**DATA FOR PROCESSING:**
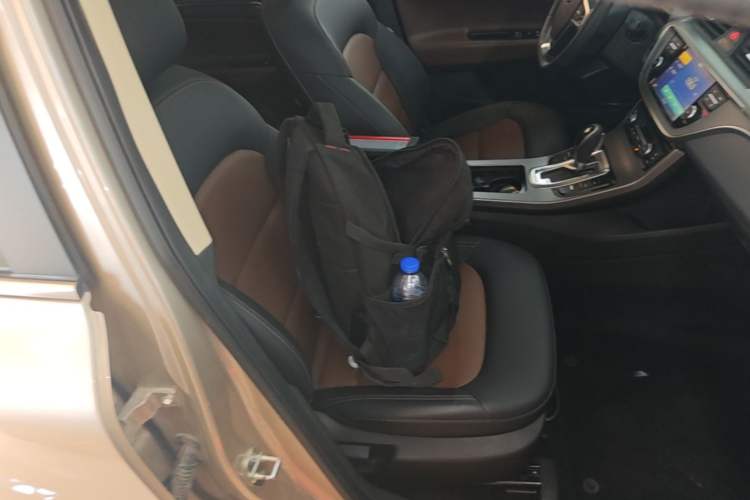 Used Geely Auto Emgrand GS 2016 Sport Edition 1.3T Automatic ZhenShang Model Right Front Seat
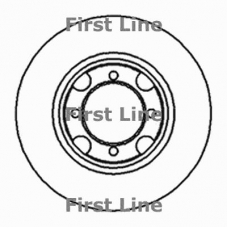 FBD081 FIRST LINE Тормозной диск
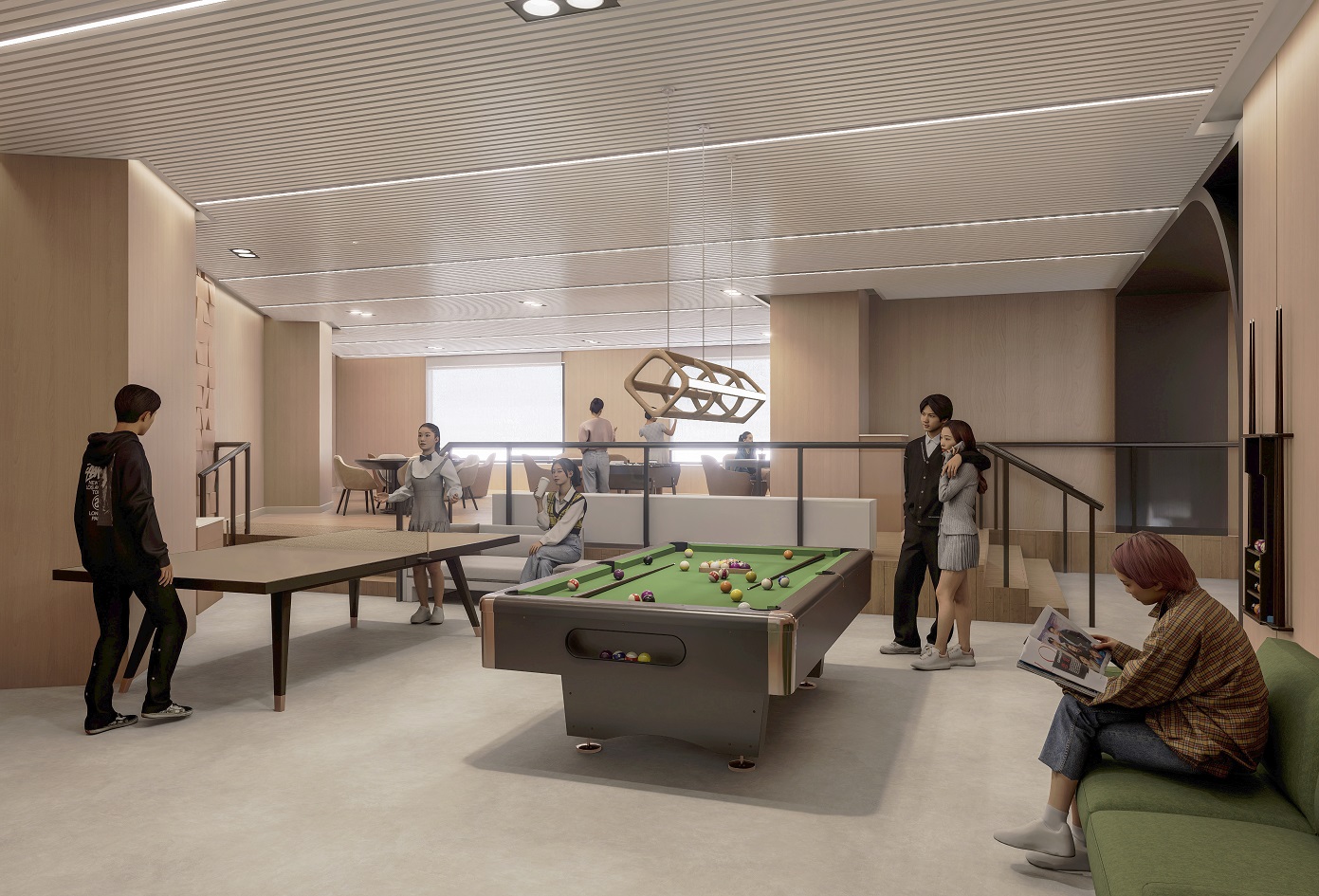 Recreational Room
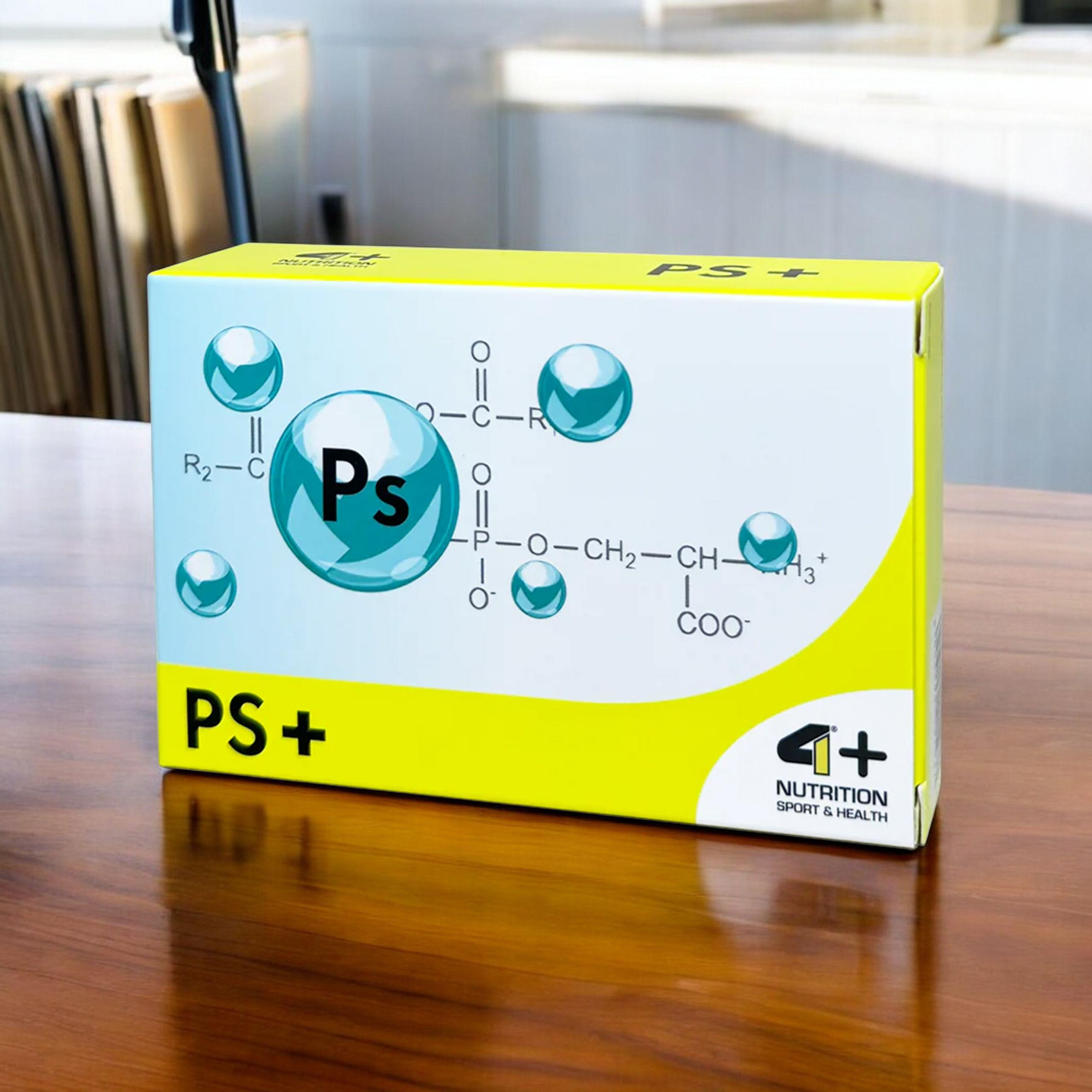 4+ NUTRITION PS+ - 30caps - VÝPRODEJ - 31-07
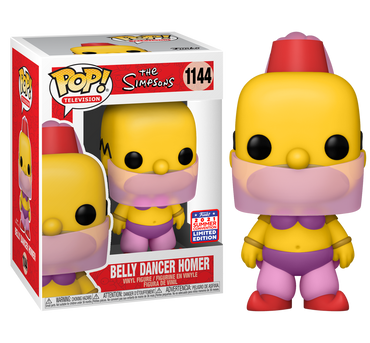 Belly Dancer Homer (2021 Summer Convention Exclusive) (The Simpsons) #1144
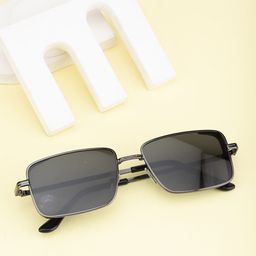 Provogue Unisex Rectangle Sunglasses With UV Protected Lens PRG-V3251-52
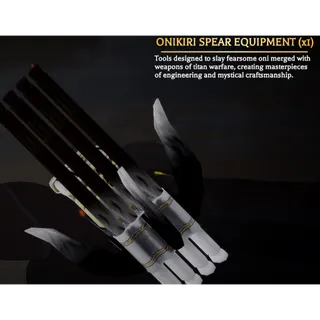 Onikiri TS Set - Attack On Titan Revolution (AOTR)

* * *

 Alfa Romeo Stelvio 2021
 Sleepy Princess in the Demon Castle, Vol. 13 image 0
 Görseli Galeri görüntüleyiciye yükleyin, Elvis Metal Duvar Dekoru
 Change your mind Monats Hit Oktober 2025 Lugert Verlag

**WHAT YOU NEED TO DO:** Could you set down, exactly as written, the lines above between the one holding "Görseli Galeri görüntüleyiciye" and the one holding "Change your mind", inclusive, and nothing more?

**FINISHED TASK:**
 Görseli Galeri görüntüleyiciye yükleyin, Elvis Metal Duvar Dekoru
 Change your mind Monats Hit Oktober 2025 Lugert Verlag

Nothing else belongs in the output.